LAND LAW:- Dispute over title to community land and claim for damages in trespass – Three communities fighting over common/shared boundaries – Effect of past judgment s and arbitrations which did not involve all three as parties or privies – How treated

PRACTICE AND PROCEDURE – COURT:- Civil proceedings – Visit by trial judge to Locus in Quo after close of evidence – Need for Judge not to make himself a witness in the case – Irregularity in inspection – Whether fatal

PRACTICE AND PROCEDURE – JUDGMENT:- Order for a new trial based on amended, summons and pleadings – Whether technically the same as a a fresh action.



The following judgment was delivered:



This is an appeal from a judgment of Manson, J., in favour of the plaintiffs in an action for trespass to land.


The piece of land in question has been the subject of long dispute between three sets of parties resulting in arbitration, law suits, settlements, and judgments, not only of the Supreme Court but of this Court and the Judicial Committee of the Privy Council.

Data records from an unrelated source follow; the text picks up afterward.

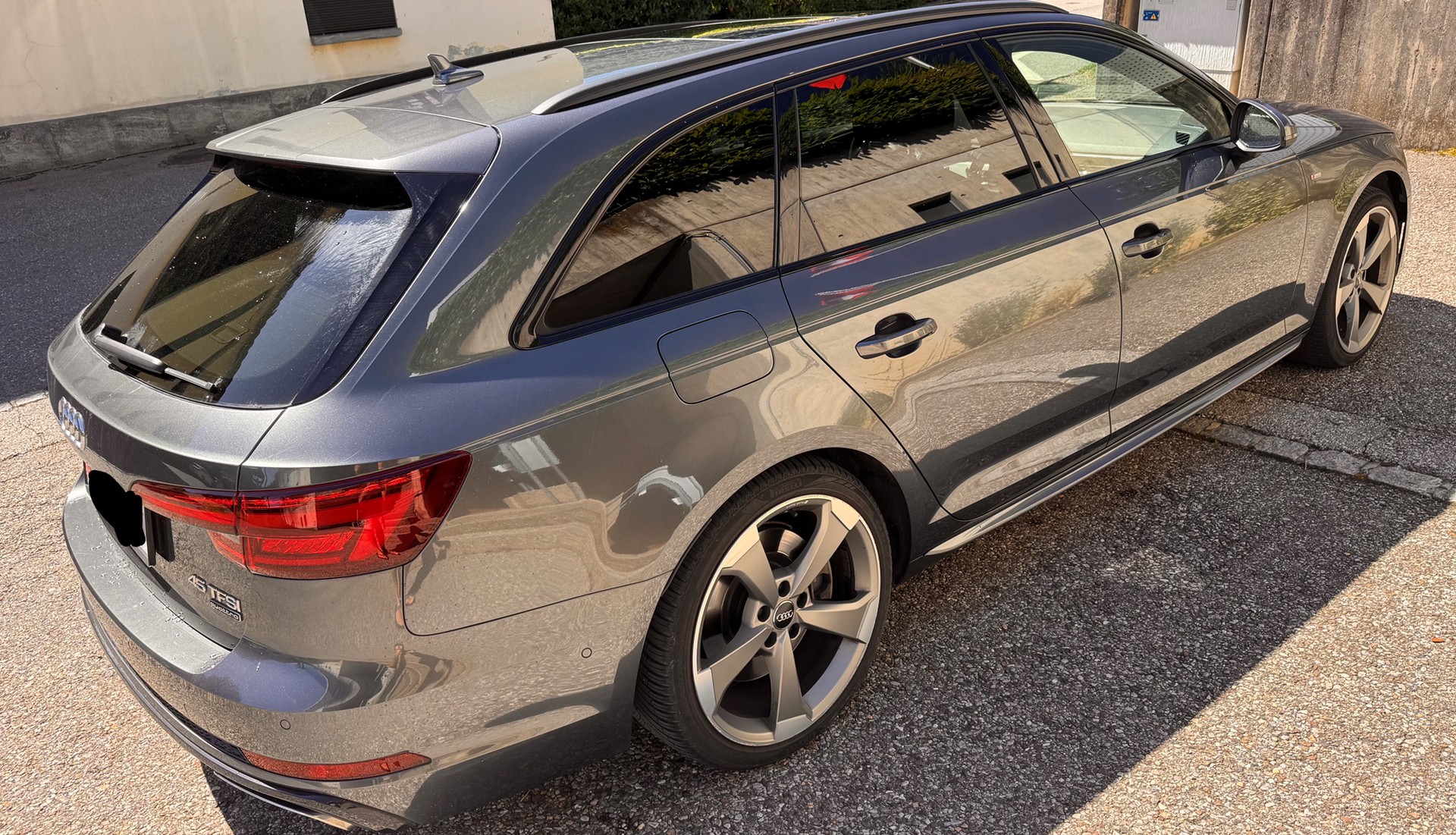 AUDI 2.0 45 TFSI Sport quattro S-Tronic-image-2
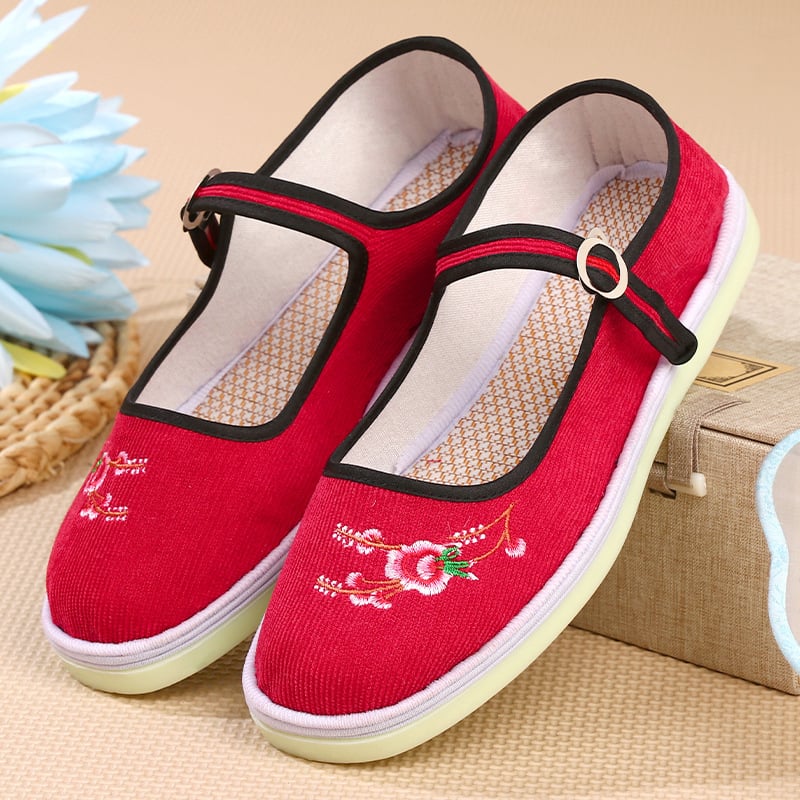 Rankų darbo audinio bateliai su etninėmis siuvinėjimo gėlėmis; apvali nosis; žemas kulnas 1–3 cm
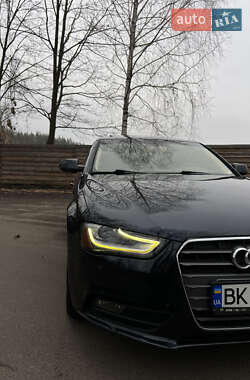 Седан Audi A4 2012 в Києві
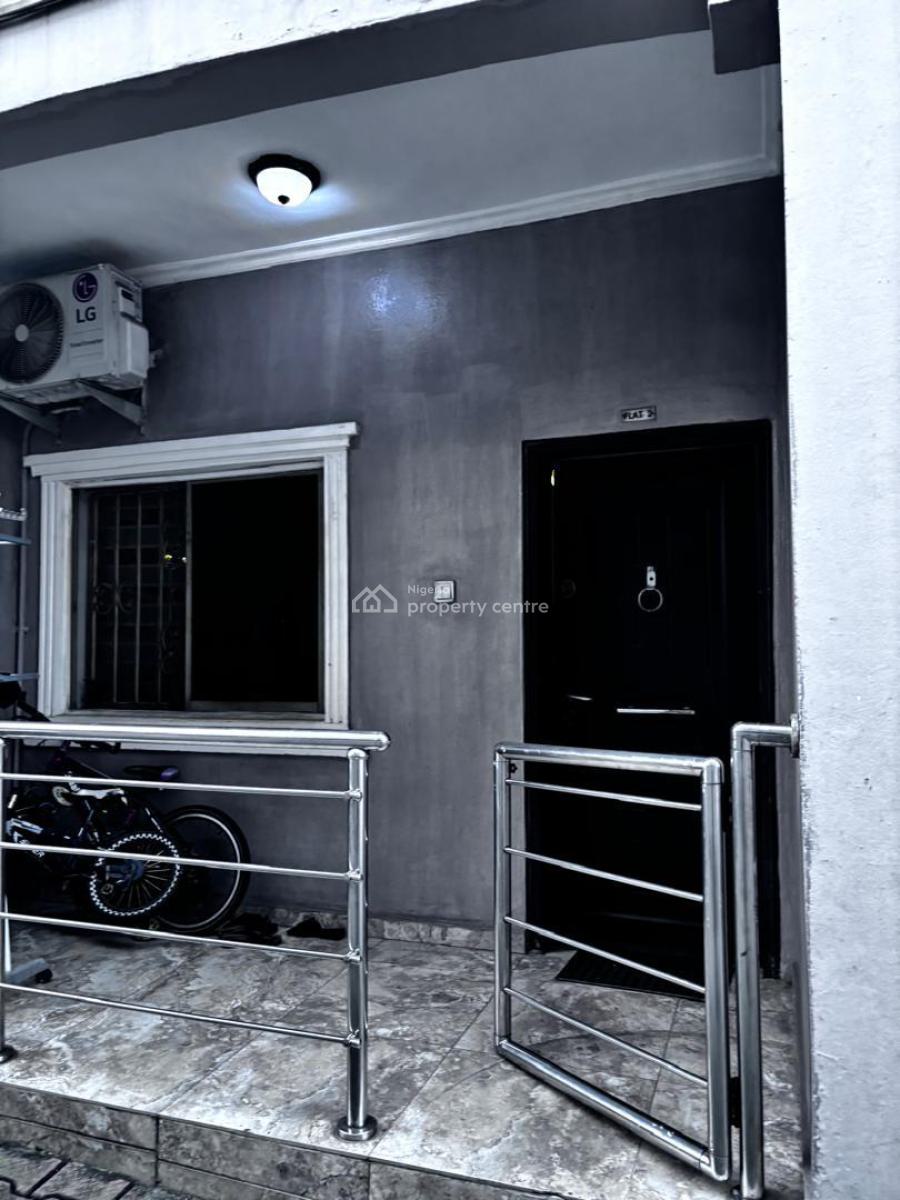 Decent 3 Bedroom Apartment Ground Floor, Shangisha, Gra Phase 2, Magodo, Lagos, House for Sale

Unfortunately, at no time in the course of these disputes have all three sets of parties come together in the same suit or settlement. The land or parts thereof have been claimed by the Orokwu, and the Umuori and the Adazi people, but never have all of them been parties to the same proceedings.


There is evidence that in 1916 there was a dispute between the Orokwus and the Adazi which is alleged to have been settled by arbitration, a common boundary being laid down between the two. This settlement, however, did not take into account the claim of the Umuoris, who were not parties to the proceedings, but who claim land lying within the holdings of the Orokwu and the Adazi which was therefore divided between the parties to the arbitration. It is clear that this did not dispose of the claim of the Umuori nor does it bind them in the present suit.


In 1938, however, the Umuori brought an action against the Adazi for trespass upon part of this land and were awarded substantial damages, in satisfaction of which the latter agreed to a demarcation of the boundary between them and the Umuori and the payment of £300. It appears from the plan exhibited in evidence that the boundary as laid down, whether it represented or not the cession to the Umuori of some part of the land hitherto held by the Adazi lay to the East of the land awarded the Orokwu by the 1916 settlement, though the trespass in respect of which damages were paid appears to have extended to such land. The Orokwu were not parties to the suit or the settlement and are not, therefore, bound thereby. There is nothing to show how far the Adazi s boundary was then moved eastward, if at all, but if they adhered to their agreement of 1916 it would not be further than from the line then agreed with the Orokwu. This would apparently have left a straight conflict between the Umuori and the Orokwu as to their rights to the land west of this 1916 line, with which it would appear the Adazi could be in no way concerned.


In 1940, however, an action was commenced between the Orokwu and the Adazi, described in the judgment of the Privy Council in later proceedings as “friendly enough”, and by the learned trial judge in the present proceedings as “most suspicious“ as a result of which the Orokwu, for some reason best known to themselves, succeeded in obtaining a consent judgment confirming the line of 1916 as the boundary line between these two parties. The Umuori having heard of this action sought to be joined, very properly, as they were certainly interested parties, but unfortunately, as the Privy Council held, their joinder was refused. The Adazi consented to a judgment which entirely ignored the claim of the Umuori which they had themselves acknowledged two years before.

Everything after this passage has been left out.